Candy Evans of the Dallas real-estate blog Candy's Dirt called a title attorney to ask if Robinson had a chance of holding on to the house. She wrote:
… he told me he seriously doubted that Robinson will get ownership of this home, but he may get a free place to live for several months. The owner of the home will be whoever acquires the assets of the defunct mortgage company, but that company will have to regroup and take legal action against Robinson. And that could take months.
In Seattle, a family was arrested after they moved into an 8,000-square-foot mansion. That family had filed claims to 10 other homes as well. In Florida, three men were arrested on felony charges after trying to take over more than 200 homes, which they planned to rent to tenants. And those are just a few of the efforts nationwide that squatters have made to take over vacant property through one tactic or another.
What do you think? Should Robinson be able to keep the house?
A friend lost a chunk off her lot because of an improperly placed fence, which they did not try to remedy. When the homeowner next door moved out, and the new folks moved in, and still there was nothing done, the friend eventually lost a few feet off their lot.

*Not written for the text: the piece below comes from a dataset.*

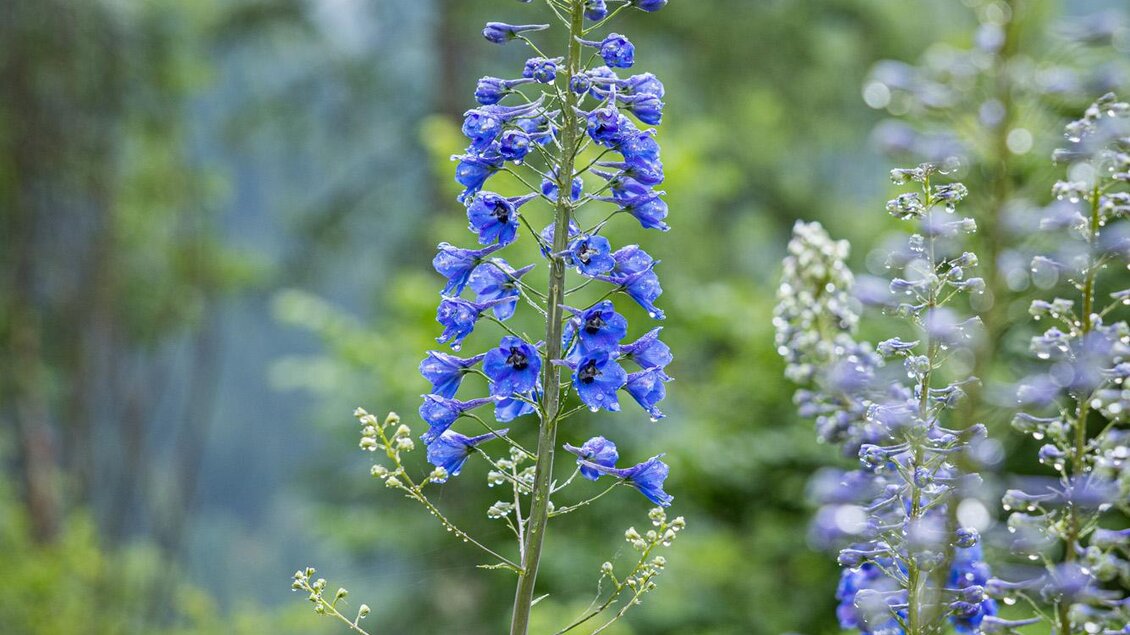 Hohe, blaue Blumen mit lila Blüten blühen in einer grünen Umgebung. Die Pflanzen stehen vor einer verschwommenen, natürlichen Kulisse. | © wildbild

Always protect your property rights.
yes he should be able to keep it because he did his homework, and he was blessed for it. Thanks
Its a crazy law and although the thinks he has won he hasn't. He will never get that house. He is just free loading while he can but his bubble will be bursted soon enough in my opinion. Its just stupidity.
We have many laws in force that have loopholes. The laws weren't made with this intent. And as someone else said in this string, just because it's the law, doesn't make it ethical and moral. Yes, he did homework and research and is obviously smart, but he didn't EARN or BUY the house or pay RENT on the house like the rest of us do. He will lose in the end, because the book of loans from the out-of-business lendor will be acquired by another financial institution and he will be out on his rearend. Sadly, it is likely he will do this again, as people like this have to always push the envelope and live outside of what the rest of us know as "normal living or American Society". He knows that what he is trying to do is what the rest of us call "pulling a fast one". I don't wish him luck. I wish him a dose of reality.

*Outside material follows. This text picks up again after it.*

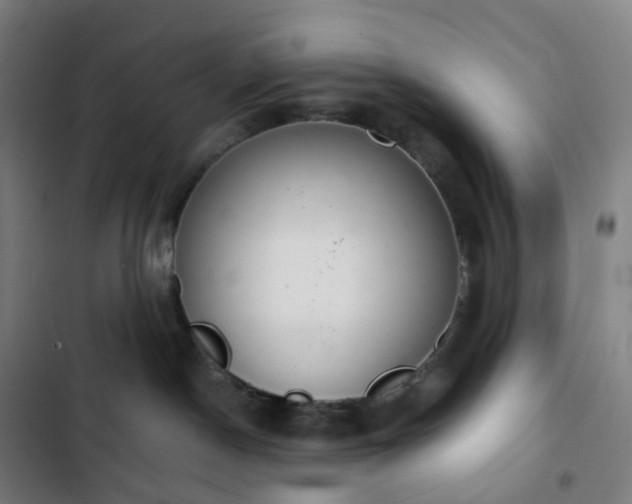 X0000103280190200809051539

This guy thinks this is really gonna work? That "law" was not intended for such a thing! Someone out there owns this house..and will come along and evict him...then he will have that working for him! He has spent alot of time and money to get a law to "bend" in his favor? The law is never on our side...that's for sure! This may have worked years ago...on a piece of unclaimed land or something...but I have not heard of any cases that this has worked in this foreclosure market. Can't this guy just buy a home like the rest of us? Stealing from someone will only get you into trouble!
let him keep it (if he can).
why can't he take advantage of a legal loop hole, when every other corp., bank, and gov. agency does so.
or are you just ticked off because you hadn't thought of, or taken advantage of it first?